If you are just talking you disagree the spec, let's talk about ideal
way for us.
> > So, IMO, it's good to modify kernel to implement IGMP with RA.
> > In addition, set/getsockopt implementation is necessary to handle this
> > option, in order to make routing daemon, like pimd, know that kernel
> > would set/check RA. After set/getsockopt implementation for RA is
> > done, routing daemon with using this set/getsockopt can handle whether
> > it should set/check by daemon itself.
> > The problem is - actually, it's not a problem, it's a spec, though -
> > when kernel modification strictly follows IGMP's specs, every IGMP
> > packet with no RA is ignored. ...
> This may be in the spec, but it is a bad idea. When implementing a
> protocol, any protocol, it is best to be as conservative as possible
> when creating packets (adhere to the spec as closely as you can) but
> be as LIBERAL as possible (ignore the little things that can't make
> any difference).
So, we should have a selection mechanism for IGMP to be restricted by
spec or not?
> It doesn't make any sense to check that the RA option is present, nor
> to ignore packets where it isn't present. The whole purpose of the
> RA option is to make certain that the router processes the packet. If
Yes, at this point, you might be true.
> you have processed the packet enough to notice that the RA isn't
> there, then you've gotten past the point where RA would have made a
> difference (ie, you've already noticed that the packet exists). So
> discarding the packet at that point does nothing useful.
Hmm. I cannot say you are correct here.
> Besides, although I haven't read the IGMP v2/v3 specs in the last
> couple of weeks, I don't think there's anything in there that actually
> says that the receiving router has to discard packets without the RA
> being set.
So, please read these specs.:)
And please send your comments to the authors if you disagree.

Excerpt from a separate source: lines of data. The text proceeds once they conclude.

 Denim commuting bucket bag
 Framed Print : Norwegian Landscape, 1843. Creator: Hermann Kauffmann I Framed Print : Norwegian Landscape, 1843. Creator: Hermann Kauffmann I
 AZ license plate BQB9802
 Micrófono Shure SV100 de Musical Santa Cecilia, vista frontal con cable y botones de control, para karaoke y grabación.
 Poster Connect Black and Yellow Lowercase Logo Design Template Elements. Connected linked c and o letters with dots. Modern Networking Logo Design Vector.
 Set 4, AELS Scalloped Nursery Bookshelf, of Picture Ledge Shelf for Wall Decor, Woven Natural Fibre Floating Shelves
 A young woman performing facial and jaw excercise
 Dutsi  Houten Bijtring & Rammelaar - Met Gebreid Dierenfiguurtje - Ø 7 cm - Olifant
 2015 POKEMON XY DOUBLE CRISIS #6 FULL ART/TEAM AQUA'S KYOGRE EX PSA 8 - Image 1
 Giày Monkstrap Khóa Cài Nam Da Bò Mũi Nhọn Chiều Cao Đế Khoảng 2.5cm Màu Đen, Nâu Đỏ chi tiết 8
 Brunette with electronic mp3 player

> > ... So if someone who doesn't implement RA
> > sends IGMPv2/v3 message, then strictly modified node, which may be a
> > host or may be a router, cannot communicate the sender.
> > So, as my ideal way:), sysctl implementation to able or disable strict
> > RA check is also a good idea.
Again, this is my propose, though, I like having;
kernel part (in an igmp.c) to set/check RA
set/getsockopt() to set/check RA by daemon
sysctl() to turn on/off RA check by kernel(?)
If you don't want to strictly follow these specs, then you use above
sysctl() to not check RA.
(But remember after we have these implementations, each multicast
routing daemon should be modified...)
Isn't it good for you?
> PS This E-mail represents my personal views, and in no way does it
> represent the view of my employer!